A Straightforward Three-Round Protocol. Unfortunately, we do not have such a trusted entity available in the setting of \(\text {FMS}\) MPC. A natural approach to resolve this would be to use any standard two-round MPC protocol (from now on we refer to such a protocol as vanilla MPC) to realize the \(\mathsf {Share} \) functionality in a distributed manner. However, since the vanilla MPC protocol would require at least two rounds to complete, this straightforward approach would incur one additional round. This is inevitable, because the parties receive their shares only at the end of the second round. Therefore, an additional round of communication (for broadcasting the output shares \(y_i\)) would be required to complete the final protocol.

Garbled Circuits to the Rescue. Using garbled circuits, we are able to squish the above protocol to operate in only two rounds. The main idea is to have each party i additionally send a garbled circuit \(\widetilde{\mathsf {C}}_i\) in the second round. Each \(\widetilde{\mathsf {C}}_i\) garbles a circuit that implements \(\mathsf {Eval} (i,\mathsf {C},\cdot )\). Given the labels for \(\mathsf {sh} _i\), \(\widetilde{\mathsf {C}}_i\) can be evaluated to output \(y_i\leftarrow \mathsf {Eval} (i,\mathsf {C},\mathsf {sh} _i)\). Note that, if it is ensured that every party receives all the garbled circuits and all the correct labels after the second round, they can obtain all \((y_1,\ldots ,y_n)\), and compute the final output y without further communication. The only question left now is how the correct labels are communicated within two rounds.

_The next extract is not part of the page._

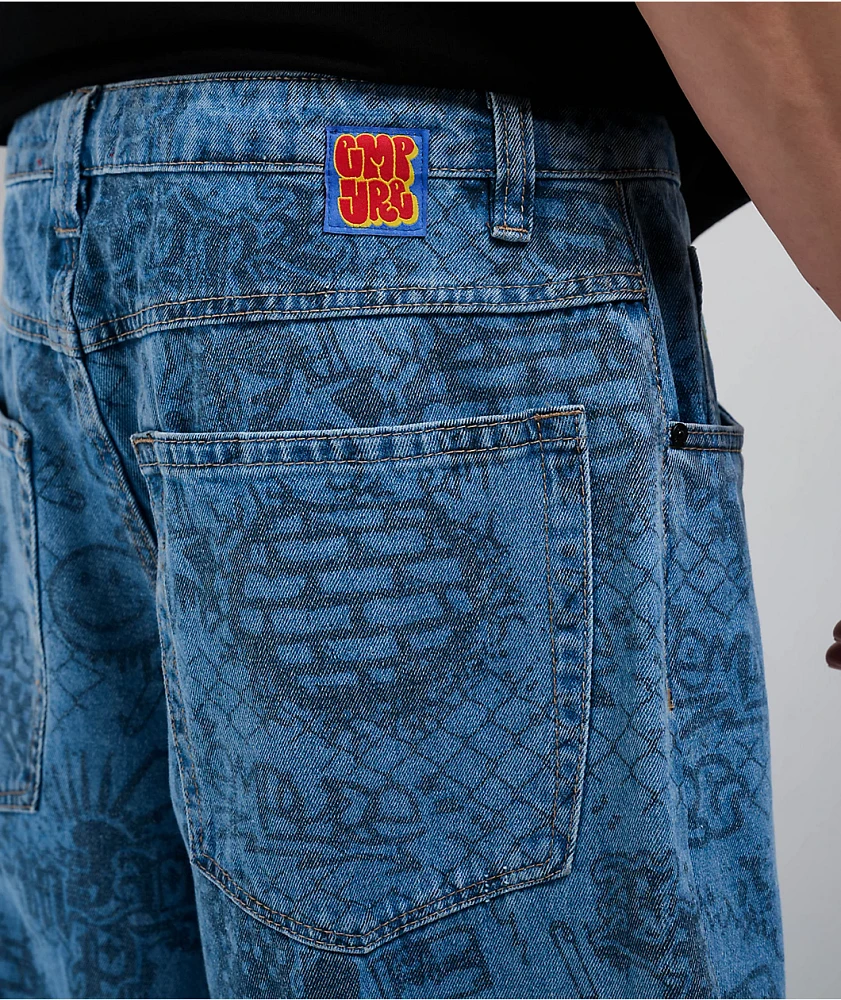 Empyre Graf Blue Ultra Wide Skate Jeans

Tweaking Vanilla MPC to Output Labels. For communicating the correct labels, we slightly tweak the functionality computed by the vanilla MPC protocol. In particular, instead of using it just to compute the shares \((\mathsf {sh} _1,\ldots ,\mathsf {sh} _n)\), we have the vanilla MPC protocol compute a slightly different functionality that first computes the shares, and rather than outputting them directly, outputs the corresponding correct labels for everyone’s shares.Footnote 5 This is enabled by having each party provide a random value \(r_i\), which is used to generate the labels, as an additional input to \(\mathsf {D}\). Therefore, everyone’s correct labels are now available after the completion of the second round of the vanilla MPC protocol. Recall that parties also broadcast their garbled circuits along with the second round of the vanilla MPC. Each party i, on receiving all \(\widetilde{\mathsf {C}}_1,\ldots \widetilde{\mathsf {C}}_n\) and all correct labels, evaluates to obtain \((y_1,\ldots ,y_n)\) and then computes the final output y.Footnote 6

2.3 Step 3: From \(\text {FMS}\) MPC to Reusable MPC

Finally, in this third step, we show how \(\text {FMS}\) MPC can be used to construct reusable two-round MPC, where the first message of the protocol can be reused across multiple computations.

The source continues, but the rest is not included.